#### What the exercise asks:
Your task is to restate the listing word for word without the pictures.

#### Information provided:
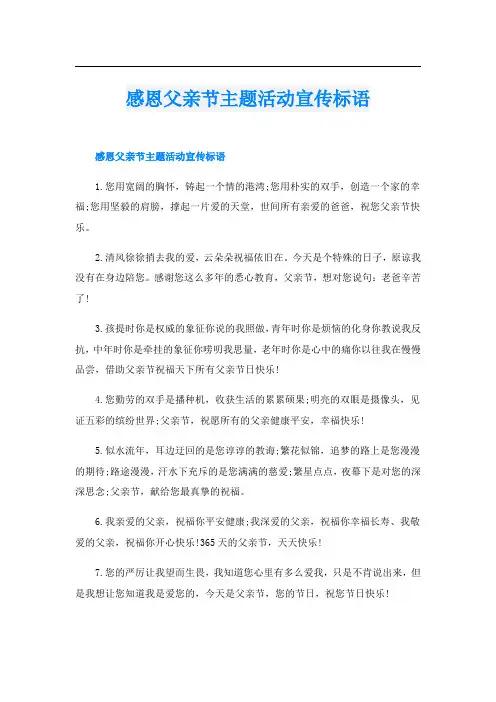 感恩父亲节主题活动宣传标语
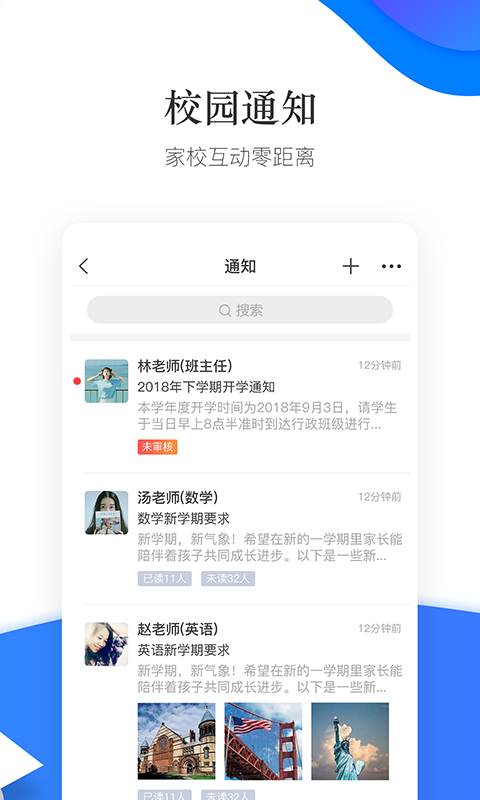 掌通校园学校v2.0.9截图3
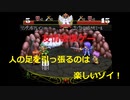 【実況プレイ】ネクストキング ～恋の千年王国～ Part02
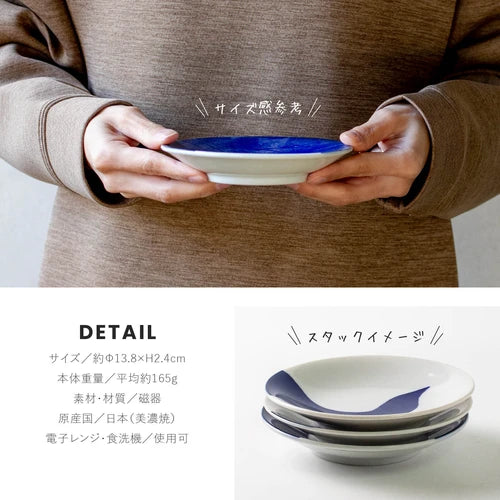日本製 ❘ 水族館系列美濃燒餐碟 (13.8cm)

#### Result of the exercise:
 感恩父亲节主题活动宣传标语
 掌通校园学校v2.0.9截图3
 【実況プレイ】ネクストキング ～恋の千年王国～ Part02
日本製 ❘ 水族館系列美濃燒餐碟 (13.8cm)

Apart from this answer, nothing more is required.